Das nunmehr bekämpfte Erkenntnis hinwieder betrifft ausschließlich nach dem 18. März 2014, insbesondere am 23. Mai 2014 begangene Disziplinarvergehen (Erkenntnisseite 3 ff, 6, in Verbindung mit dem zur Verdeutlichung [ Lendl , WK‑StPO § 260 Rz 8; Ratz , WK‑StPO § 281 Rz 580] heranzuziehenden Referat der entscheidenden Tatsachen [§ 260 Abs 1 Z 1 StPO]).

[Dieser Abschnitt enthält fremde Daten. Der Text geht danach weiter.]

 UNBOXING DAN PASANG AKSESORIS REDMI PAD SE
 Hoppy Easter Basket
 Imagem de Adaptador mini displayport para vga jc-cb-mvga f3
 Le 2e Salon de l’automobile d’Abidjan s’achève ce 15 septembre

Damit erweist sich aber auch die auf § 281 Abs 1 Z 11 (erster Fall) StPO gestützte Sanktionsrüge, mit welcher eine Bedachtnahme nach § 31 StGB angestrebt wird, als unberechtigt, weil über den nun entschiedenen (nach dem Erkenntnis der Tiroler Rechtsanwaltskammer vom 18. März 2014, AZ D 12‑27, 1 DV 13‑07, liegenden) Sachverhalt nicht bereits im (erstinstanzlichen) Vorerkenntnis entschieden werden hätte können ( Ratz , in WK 2 StGB § 31 Rz 2 ff).

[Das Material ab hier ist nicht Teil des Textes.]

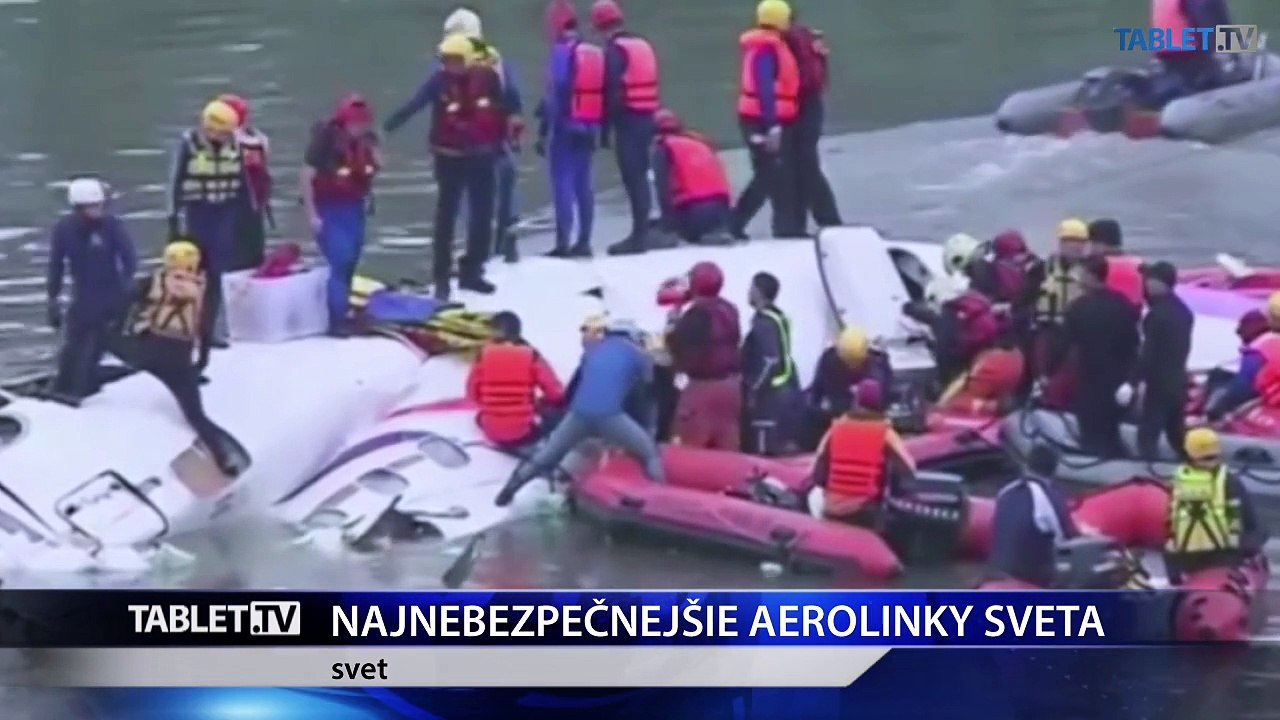 Najnebezpečnejšie aerolinky sveta: Pri týchto letoch umierali v roku 2014 ľudia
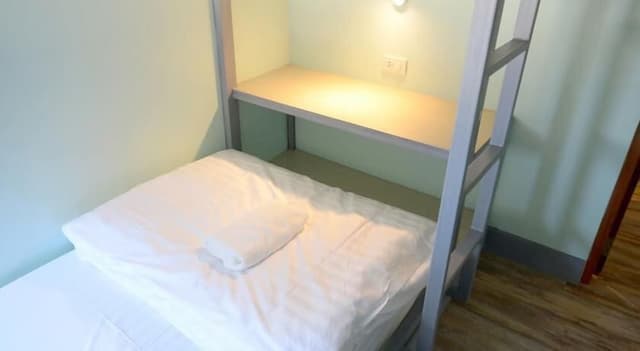 Twin Room, Shared Bathroom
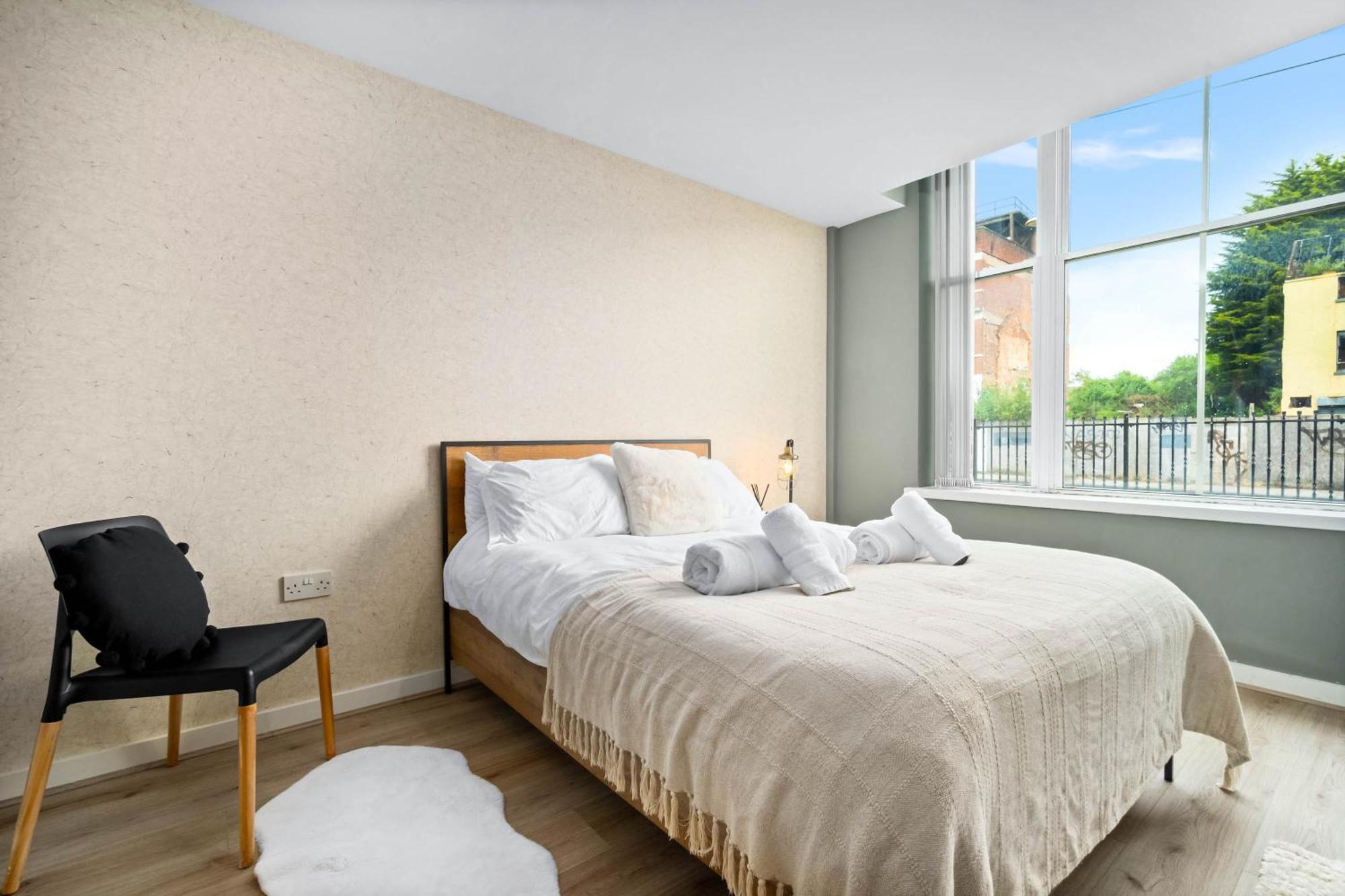 Luxe Apartment With Private Parking In Gated Complex - Close To Jq & City Centre - Top Rated - 7Sh Birmingham Exterior foto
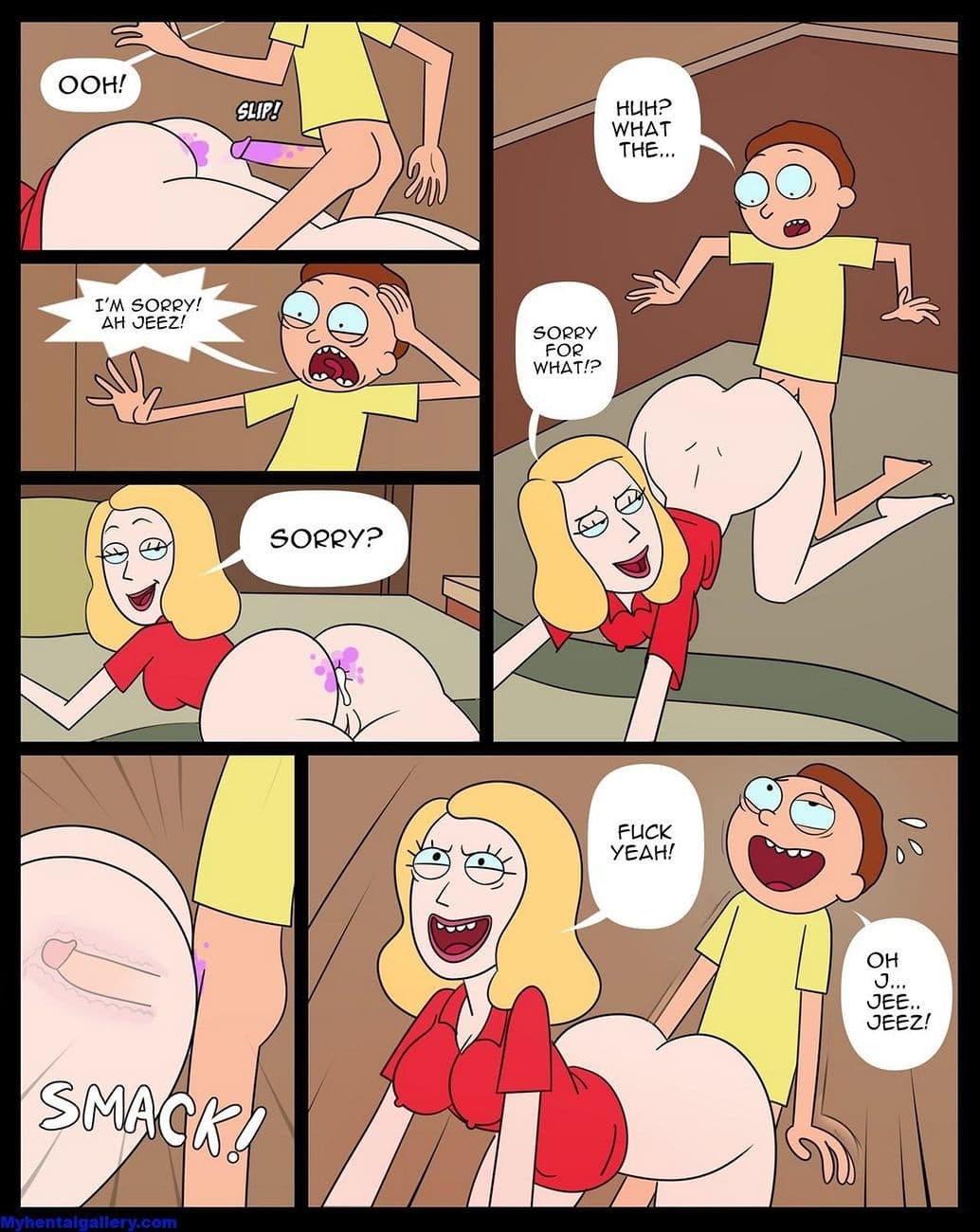 Beth And Morty – Rick and Morty [photo 8] - MangaPorn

Infolge der vom Disziplinarbeschuldigten nicht bestrittenen Kenntnis von der Vorentscheidung und seiner jeweiligen Vertretungshandlungen bestehen auch unter dem Blickpunkt einer Schuldberufung keine Bedenken gegen die logisch und empirisch einwandfreie Beweiswürdigung des Disziplinarrats.
Entgegen der auf eine Erhöhung der Strafe antragenden Berufung des Kammeranwalts und der (impliziten) Berufung des Disziplinarbeschuldigten wegen Strafe sah sich der Oberste Gerichtshof auch zu keiner Änderung der Sanktion bestimmt:
Als erschwerend fällt eine disziplinarrechtliche Vorverurteilung und der (äußerst) rasche spezifisch einschlägige Rückfall nach (noch nicht rechtskräftiger) weiterer Vorverurteilung vom 18. März 2014 ins Gewicht, während dem Disziplinarbeschuldigten sein Tatsachengeständnis als mildernd anzurechnen ist.
Das völlige Ignorieren einer sei es auch bekämpften Entscheidung eines Disziplinarsenats stellt ein schwerwiegendes Fehlverhalten dar, das ‑ wie der Disziplinarrat zutreffend ausführt ‑ auch bei geringer Publizität Ehre oder Ansehen des Standes beträchtlich verletzt, ist doch auch schon jeder Anschein einer Doppelvertretung zu vermeiden.
Relativiert wird dieser Vorwurf allerdings dadurch, dass der Disziplinarbeschuldigte für einen betagten Klienten in erster Instanz mit einer üblicherweise nicht gerade besonders aussichtsreichen Klage auf Anfechtung eines Übergabsvertrags im Bezug auf beträchtliches Vermögen durchgedrungen war und ein Anwaltswechsel nach Abänderung der Entscheidung durch das Oberlandesgericht vor Einbringung einer außerordentlichen Revision für die vertretene Partei wohl einen beträchtlichen weiteren Aufwand mit sich gebracht hätte.
Unter Abwägung dieser Gründe und unter Berücksichtigung der durchschnittlichen Einkommens‑ und Vermögensverhältnisse eines Rechtsanwalts erweist sich die vom Disziplinarrat gefundene Sanktion als dem Unrecht der Tat und der Schuld des Täters angemessen.
Die Kostenentscheidung gründet auf § 54 Abs 5 DSt.